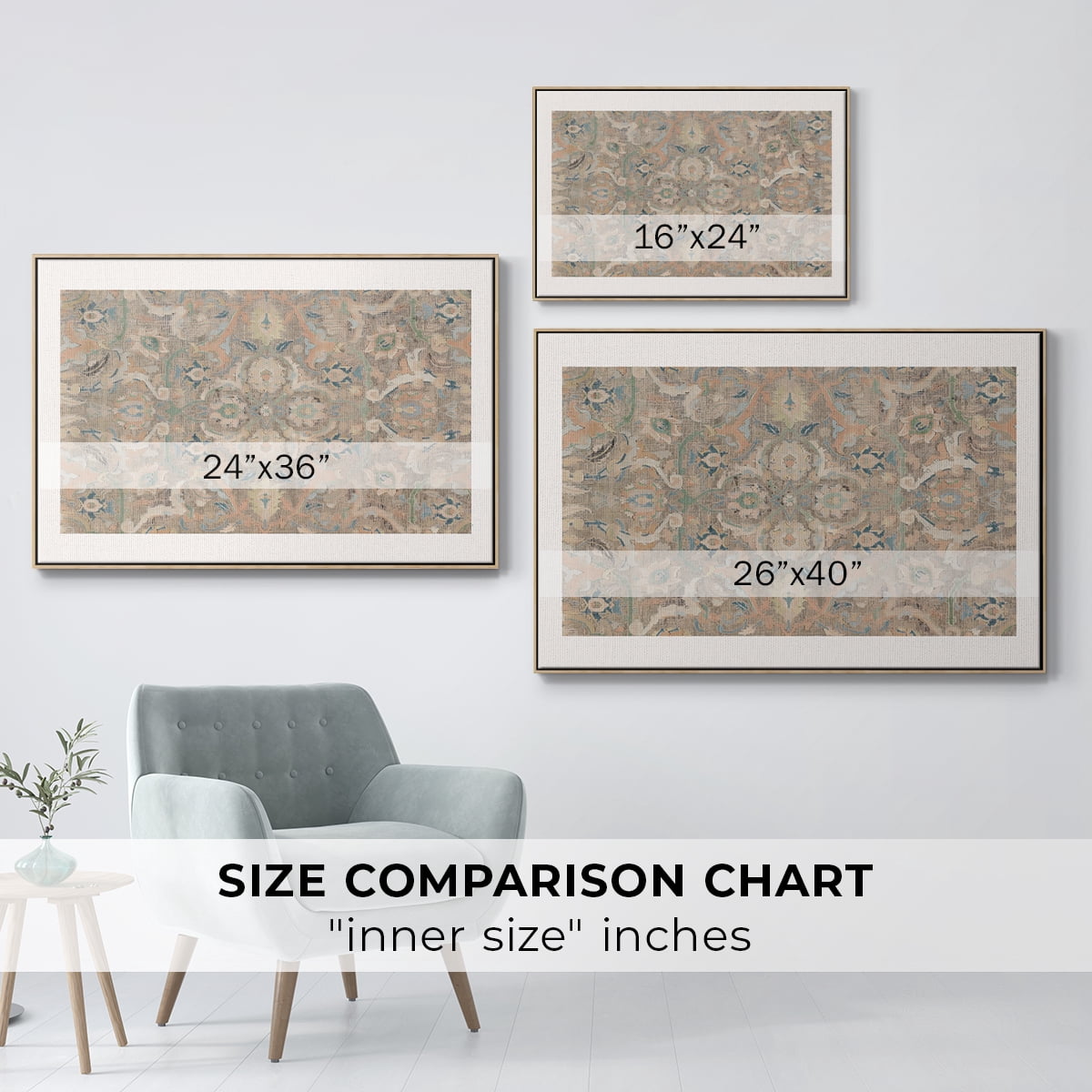 Vintage Abstract Print-II Framed in Natural Wood Wood Gallery Wrapped Canvas 17 in. x 25 in.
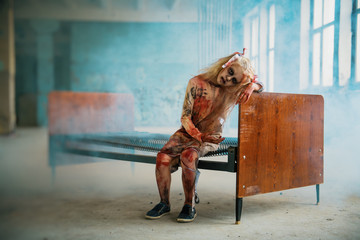 tired bloodied little girl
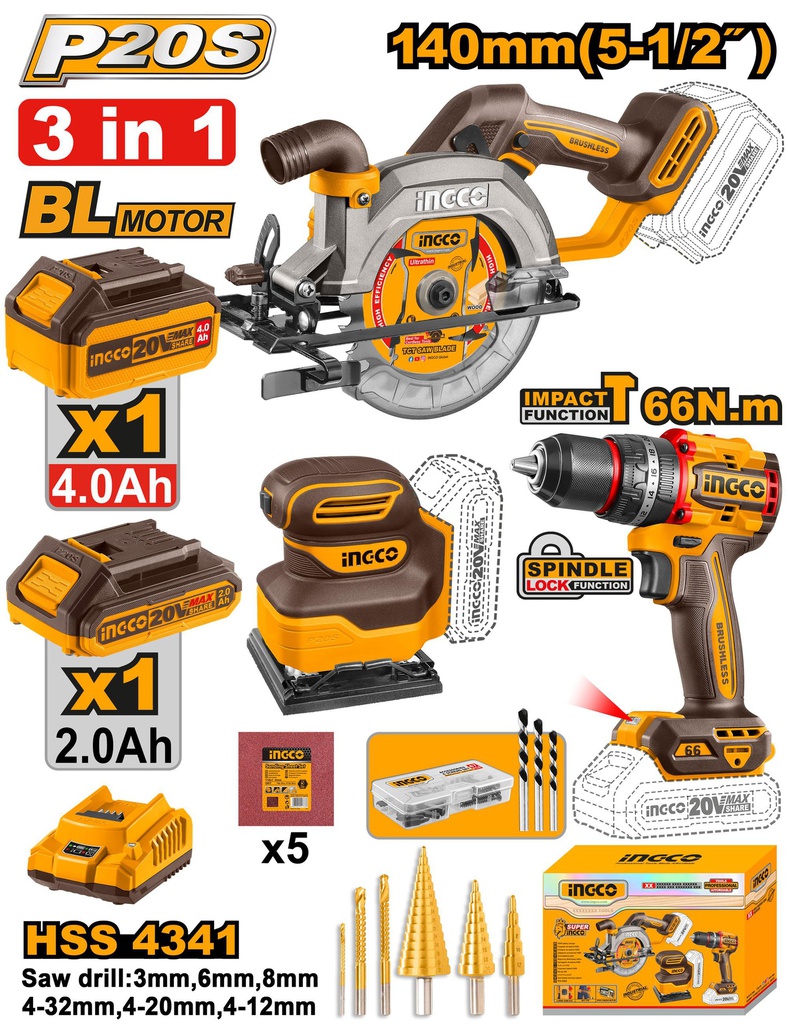 INGCO PACK DE 3 MACHINES VISSEUSE/SCIE CIRCULAIRE/PONCEUSE 2 BATT 2AH/4AH   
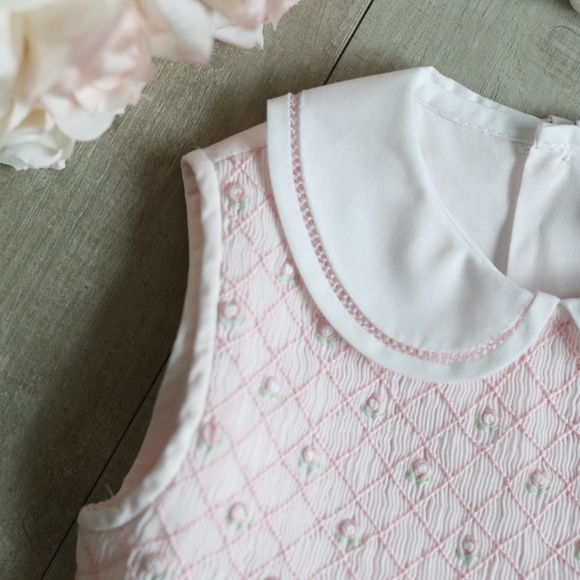Pink Dress Smocked Collar Friedknit by Feltman Brothers Size 18 Month NWOT - Picture 3 of 5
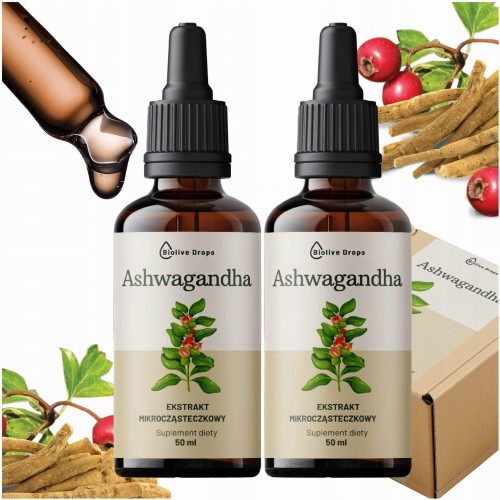 ZESTAW Ashwagandha (2x50ml) ekstrakt mikrocząsteczkowy adaptogeny Biolive Drops 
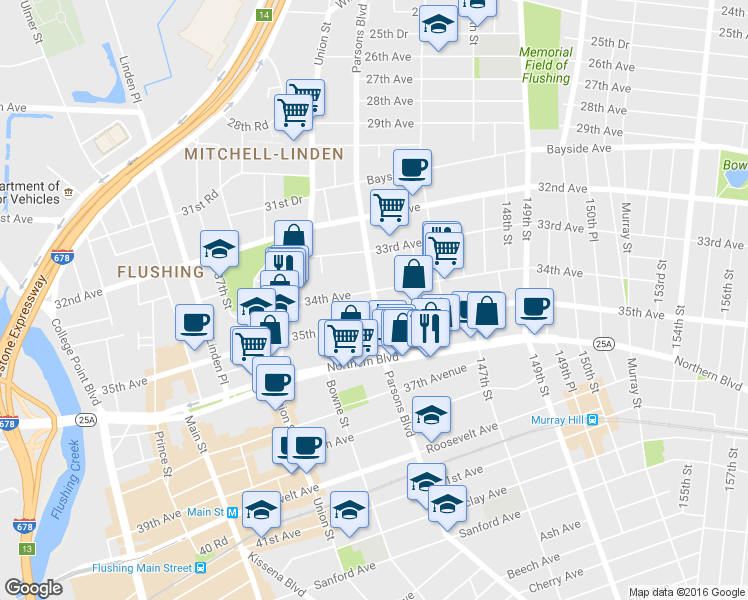 map of restaurants, bars, coffee shops, grocery stores, and more near Parsons Boulevard in Queens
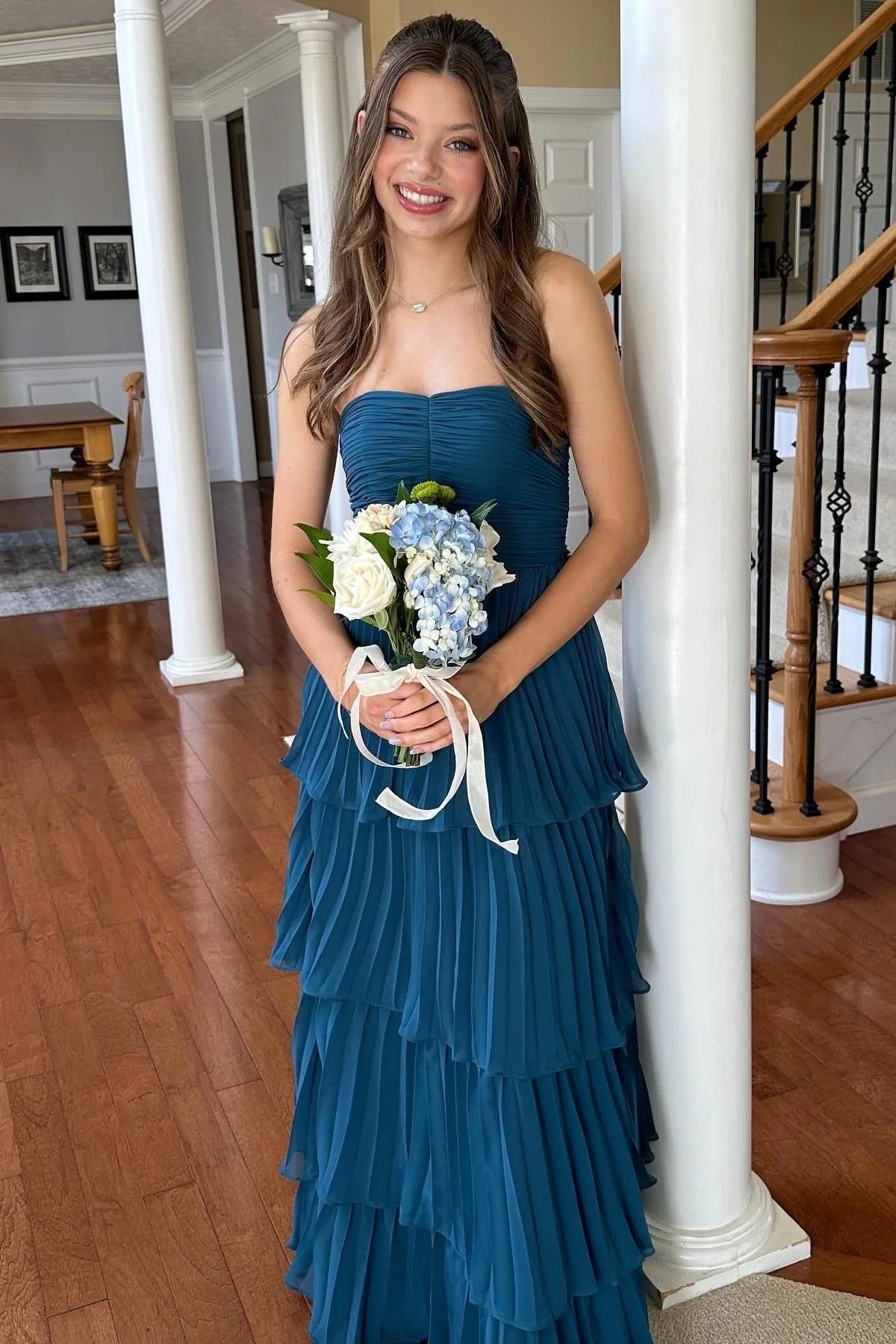 Sage Green Tiered Pleated Maxi Gown – Strapless Sweetheart Prom Dress with Train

(TASK TO CARRY OUT)
Return every entry above exactly as written, with no pictures included.

(SOLVED EXERCISE)
 Vintage Abstract Print-II Framed in Natural Wood Wood Gallery Wrapped Canvas 17 in. x 25 in.
 tired bloodied little girl
 INGCO PACK DE 3 MACHINES VISSEUSE/SCIE CIRCULAIRE/PONCEUSE 2 BATT 2AH/4AH   
Pink Dress Smocked Collar Friedknit by Feltman Brothers Size 18 Month NWOT - Picture 3 of 5
 ZESTAW Ashwagandha (2x50ml) ekstrakt mikrocząsteczkowy adaptogeny Biolive Drops 
 map of restaurants, bars, coffee shops, grocery stores, and more near Parsons Boulevard in Queens
 Sage Green Tiered Pleated Maxi Gown – Strapless Sweetheart Prom Dress with Train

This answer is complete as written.